Missing the Big Picture

There is a lot of buzz surrounding music labels’ agreements to sell DRM-free music in marketplaces other than the iTunes Music Store. The problem is that they miss the big picture. They don’t pay attention to the two things that really matter.

  1. People want to be able to buy their music easily
  2. People want their purchased music to work on their devices

The iTunes Music Store allows society to easily purchase music. They set the precedence with a $0.99 price point, and everyone is following suit. They showed that whether it is easy to purchase music and easy to listen to it again, they will pay that price.

The problem is that with the (barely) exception of Amazon.com’s mp3 store, the price point has stayed the same 99 cents. folks will still pay that price, and DRM-free music is certainly enticing for those of us that even understand that. Many society don’t realize that DRM even exists.

To manufacture things worse, some companies try to charge $1.99/song for downloading it straight to your phone. It just doesn’t manufacture sense.

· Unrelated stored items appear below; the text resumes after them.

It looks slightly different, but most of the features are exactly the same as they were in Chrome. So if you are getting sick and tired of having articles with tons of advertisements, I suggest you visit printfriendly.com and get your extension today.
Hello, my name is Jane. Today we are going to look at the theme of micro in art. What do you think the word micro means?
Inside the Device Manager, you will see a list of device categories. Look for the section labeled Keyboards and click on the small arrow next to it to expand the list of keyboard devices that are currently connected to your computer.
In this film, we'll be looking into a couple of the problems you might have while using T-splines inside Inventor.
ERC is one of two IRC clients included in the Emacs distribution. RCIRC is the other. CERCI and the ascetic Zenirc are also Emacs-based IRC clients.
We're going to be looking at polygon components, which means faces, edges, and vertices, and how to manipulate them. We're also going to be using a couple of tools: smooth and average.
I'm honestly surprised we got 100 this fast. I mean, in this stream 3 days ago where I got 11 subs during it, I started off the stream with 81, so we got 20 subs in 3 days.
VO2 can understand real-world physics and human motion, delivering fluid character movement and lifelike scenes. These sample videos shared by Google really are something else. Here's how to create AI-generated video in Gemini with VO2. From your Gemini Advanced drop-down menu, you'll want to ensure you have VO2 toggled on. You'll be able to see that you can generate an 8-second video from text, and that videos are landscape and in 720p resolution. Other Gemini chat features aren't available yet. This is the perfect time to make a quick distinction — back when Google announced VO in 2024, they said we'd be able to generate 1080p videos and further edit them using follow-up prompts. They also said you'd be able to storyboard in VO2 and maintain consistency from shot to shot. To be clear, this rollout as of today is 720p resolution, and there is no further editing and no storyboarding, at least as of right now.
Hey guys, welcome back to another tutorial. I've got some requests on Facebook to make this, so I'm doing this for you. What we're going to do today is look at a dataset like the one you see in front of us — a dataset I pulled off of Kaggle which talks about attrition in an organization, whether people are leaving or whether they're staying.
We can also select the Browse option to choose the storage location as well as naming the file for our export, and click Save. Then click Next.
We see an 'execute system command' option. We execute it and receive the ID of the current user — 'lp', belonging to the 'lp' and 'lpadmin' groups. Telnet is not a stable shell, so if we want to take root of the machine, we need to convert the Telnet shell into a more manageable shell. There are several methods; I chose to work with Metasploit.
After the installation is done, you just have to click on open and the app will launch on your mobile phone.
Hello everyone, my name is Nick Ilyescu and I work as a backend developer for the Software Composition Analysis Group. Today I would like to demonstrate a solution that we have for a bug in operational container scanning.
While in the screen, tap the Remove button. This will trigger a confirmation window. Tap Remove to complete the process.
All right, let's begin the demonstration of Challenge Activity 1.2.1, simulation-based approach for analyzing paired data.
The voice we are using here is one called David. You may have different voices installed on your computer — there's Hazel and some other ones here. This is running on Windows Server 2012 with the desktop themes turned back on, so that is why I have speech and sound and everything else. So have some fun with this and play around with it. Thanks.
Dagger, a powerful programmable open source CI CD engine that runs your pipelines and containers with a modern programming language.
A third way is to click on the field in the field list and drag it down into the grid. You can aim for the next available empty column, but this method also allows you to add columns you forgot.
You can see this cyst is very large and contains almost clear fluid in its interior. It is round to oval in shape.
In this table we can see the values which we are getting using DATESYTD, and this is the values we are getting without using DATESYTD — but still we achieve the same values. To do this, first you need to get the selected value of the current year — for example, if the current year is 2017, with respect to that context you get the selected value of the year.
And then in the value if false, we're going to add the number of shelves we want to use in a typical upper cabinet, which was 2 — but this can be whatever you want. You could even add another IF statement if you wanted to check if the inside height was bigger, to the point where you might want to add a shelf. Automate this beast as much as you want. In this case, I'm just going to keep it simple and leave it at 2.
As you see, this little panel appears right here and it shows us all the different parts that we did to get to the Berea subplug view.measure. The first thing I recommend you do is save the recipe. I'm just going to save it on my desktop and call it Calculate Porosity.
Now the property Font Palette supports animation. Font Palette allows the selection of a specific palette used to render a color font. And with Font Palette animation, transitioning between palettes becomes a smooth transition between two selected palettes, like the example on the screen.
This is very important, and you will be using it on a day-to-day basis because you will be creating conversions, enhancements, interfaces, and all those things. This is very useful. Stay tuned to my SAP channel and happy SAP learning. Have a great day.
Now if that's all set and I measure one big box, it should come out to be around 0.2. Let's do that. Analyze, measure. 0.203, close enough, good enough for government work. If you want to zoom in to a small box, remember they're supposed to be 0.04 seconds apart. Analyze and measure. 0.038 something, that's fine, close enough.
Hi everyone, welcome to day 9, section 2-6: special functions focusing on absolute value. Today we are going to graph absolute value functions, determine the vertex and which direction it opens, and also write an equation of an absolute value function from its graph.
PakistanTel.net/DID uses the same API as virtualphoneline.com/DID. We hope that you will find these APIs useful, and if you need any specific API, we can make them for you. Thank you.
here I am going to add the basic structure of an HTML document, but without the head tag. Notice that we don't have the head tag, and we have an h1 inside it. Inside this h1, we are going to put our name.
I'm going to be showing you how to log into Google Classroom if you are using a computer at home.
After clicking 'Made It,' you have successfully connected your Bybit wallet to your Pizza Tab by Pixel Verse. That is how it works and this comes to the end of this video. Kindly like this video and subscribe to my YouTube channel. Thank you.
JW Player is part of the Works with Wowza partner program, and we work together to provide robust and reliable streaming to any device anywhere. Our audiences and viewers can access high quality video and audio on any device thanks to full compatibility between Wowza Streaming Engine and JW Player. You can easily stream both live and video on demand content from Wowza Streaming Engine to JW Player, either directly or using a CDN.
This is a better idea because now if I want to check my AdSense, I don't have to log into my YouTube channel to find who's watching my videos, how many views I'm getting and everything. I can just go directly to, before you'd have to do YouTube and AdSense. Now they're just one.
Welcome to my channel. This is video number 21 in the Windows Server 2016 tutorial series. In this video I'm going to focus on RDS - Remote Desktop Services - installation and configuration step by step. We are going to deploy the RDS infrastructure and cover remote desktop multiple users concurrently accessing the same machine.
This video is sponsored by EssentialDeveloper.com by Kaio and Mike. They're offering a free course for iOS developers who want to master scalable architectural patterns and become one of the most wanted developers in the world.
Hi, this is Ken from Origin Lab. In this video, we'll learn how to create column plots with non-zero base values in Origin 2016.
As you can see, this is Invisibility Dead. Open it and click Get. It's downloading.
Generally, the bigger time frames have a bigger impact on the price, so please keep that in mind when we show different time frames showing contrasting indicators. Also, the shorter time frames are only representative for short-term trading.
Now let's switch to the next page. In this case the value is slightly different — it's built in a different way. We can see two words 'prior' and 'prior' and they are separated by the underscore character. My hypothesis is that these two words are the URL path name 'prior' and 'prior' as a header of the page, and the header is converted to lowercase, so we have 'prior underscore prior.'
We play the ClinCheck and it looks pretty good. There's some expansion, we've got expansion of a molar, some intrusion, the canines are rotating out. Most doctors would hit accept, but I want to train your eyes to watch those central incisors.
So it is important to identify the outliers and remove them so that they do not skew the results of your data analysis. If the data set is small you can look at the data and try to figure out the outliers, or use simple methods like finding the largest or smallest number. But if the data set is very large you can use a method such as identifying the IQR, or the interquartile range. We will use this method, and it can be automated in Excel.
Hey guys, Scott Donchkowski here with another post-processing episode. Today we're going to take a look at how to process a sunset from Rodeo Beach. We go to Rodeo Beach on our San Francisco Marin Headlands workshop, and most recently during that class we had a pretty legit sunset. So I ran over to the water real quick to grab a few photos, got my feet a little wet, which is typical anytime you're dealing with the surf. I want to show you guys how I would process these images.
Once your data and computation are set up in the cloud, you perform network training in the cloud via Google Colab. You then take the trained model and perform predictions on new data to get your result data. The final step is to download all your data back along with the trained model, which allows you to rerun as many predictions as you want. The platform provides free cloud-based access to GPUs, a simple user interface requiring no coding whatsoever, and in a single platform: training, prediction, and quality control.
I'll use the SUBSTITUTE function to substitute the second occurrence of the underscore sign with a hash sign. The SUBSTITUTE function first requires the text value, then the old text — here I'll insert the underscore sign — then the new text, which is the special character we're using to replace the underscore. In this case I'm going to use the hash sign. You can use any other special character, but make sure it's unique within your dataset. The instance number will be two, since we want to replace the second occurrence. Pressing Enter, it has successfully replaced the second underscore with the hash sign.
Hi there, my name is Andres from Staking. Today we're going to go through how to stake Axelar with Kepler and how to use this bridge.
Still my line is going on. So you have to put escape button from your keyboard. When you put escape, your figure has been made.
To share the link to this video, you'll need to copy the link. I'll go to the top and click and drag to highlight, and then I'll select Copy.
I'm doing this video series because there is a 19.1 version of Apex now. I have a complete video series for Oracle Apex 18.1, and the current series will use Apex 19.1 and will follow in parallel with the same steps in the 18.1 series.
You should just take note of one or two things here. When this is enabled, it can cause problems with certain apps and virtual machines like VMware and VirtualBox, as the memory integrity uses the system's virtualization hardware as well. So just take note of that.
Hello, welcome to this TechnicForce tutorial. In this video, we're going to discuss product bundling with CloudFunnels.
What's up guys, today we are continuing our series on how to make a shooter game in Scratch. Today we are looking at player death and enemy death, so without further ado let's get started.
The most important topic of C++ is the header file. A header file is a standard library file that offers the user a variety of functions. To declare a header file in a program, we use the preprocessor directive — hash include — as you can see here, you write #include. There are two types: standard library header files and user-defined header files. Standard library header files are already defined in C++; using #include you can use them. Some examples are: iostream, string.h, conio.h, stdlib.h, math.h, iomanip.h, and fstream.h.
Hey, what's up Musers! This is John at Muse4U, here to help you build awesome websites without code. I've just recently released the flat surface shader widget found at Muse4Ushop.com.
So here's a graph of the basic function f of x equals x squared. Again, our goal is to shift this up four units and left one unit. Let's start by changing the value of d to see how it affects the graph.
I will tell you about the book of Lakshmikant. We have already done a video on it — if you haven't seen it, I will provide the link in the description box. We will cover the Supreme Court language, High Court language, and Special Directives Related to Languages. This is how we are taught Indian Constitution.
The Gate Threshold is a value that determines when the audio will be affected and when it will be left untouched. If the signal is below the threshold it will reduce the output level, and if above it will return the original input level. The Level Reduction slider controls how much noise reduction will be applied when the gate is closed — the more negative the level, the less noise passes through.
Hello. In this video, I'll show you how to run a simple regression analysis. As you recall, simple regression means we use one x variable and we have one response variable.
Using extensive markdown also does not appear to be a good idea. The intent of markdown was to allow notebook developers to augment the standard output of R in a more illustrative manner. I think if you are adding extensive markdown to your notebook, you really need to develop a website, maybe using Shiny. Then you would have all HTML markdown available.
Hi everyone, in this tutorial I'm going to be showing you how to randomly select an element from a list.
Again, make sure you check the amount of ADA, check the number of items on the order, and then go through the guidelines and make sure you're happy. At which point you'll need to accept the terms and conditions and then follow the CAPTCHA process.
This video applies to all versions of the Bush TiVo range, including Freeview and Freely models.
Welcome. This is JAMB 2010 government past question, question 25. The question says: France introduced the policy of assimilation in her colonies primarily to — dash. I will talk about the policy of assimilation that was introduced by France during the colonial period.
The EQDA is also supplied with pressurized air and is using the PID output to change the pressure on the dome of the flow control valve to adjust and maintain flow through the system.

So, you get a less-than-the-easiest interface for downloading music, and it costs about the same or more, and these companies want to bite in to Apple’s market share? I don’t think so.

If they want to bite into Apple’s bottom line, they need to offer something more than what iTunes offers. Yeah, it is DRM-free, but other than that, there is nothing.

Russ Crupnick, senior analyst for NPD group had it right when he said:

“When you have 80 percent market share on Apple devices…there isn’t much demand from society to get unprotected music. They don’t seem to come across any issues with it.”

I am a big fan of tossing out DRM and all, but differentiating in only the DRM category is not sufficient. These DRM-free shops will get the Apple haters, but not much more.

To

construct themselves stand out and sell more, compose a daring move and sell the music for much cheaper. humans will continue to buy music from iTunes until something better comes along. Is it greed? whether I could buy two songs from one vendor for the price of one iTunes song, and the quality was just as good as anywhere else (if not better), what would stop me from buying those two songs instead of downloading one song from iTunes? Nothing but ease of use. whether the song could be downloaded and automatically added to my iTunes Library, I would do that in a heartbeat. Who wouldn’t?

Pirates will exist as expanded as it is easier to steal music than it is to buy it. Allofmp3.com had a good view when pricing songs by the goods size instead of a straight price. It was illegal which is not cool, but many society went to great lengths to purchase songs from that website. You could get within four and seven songs for the cost of one iTunes song. Music labels can create a site just like that and iTunes would immediately feel the pain. It would be so easy to get a lot of music for so cheap, that many humans just wouldn’t bother pirating music. There will always be those who break the law, and so there will always be folks who pirate music. But instead of borrowing a CD from my friend, I would much rather just go to a website and buy the album for a couple bucks.

People will always want value for the money they spend. whether Rhapsody, Napster, Amazon, Microsoft, and anyone else wants to take market share away from Apple, they need to change their tune, start making it easier to get cheaper, DRM-free music into our iTunes libraries, and the money will follow.

Orginal post by Jethro Jones

Password Reset

Please enter your e-mail address. You will receive a new password via e-mail.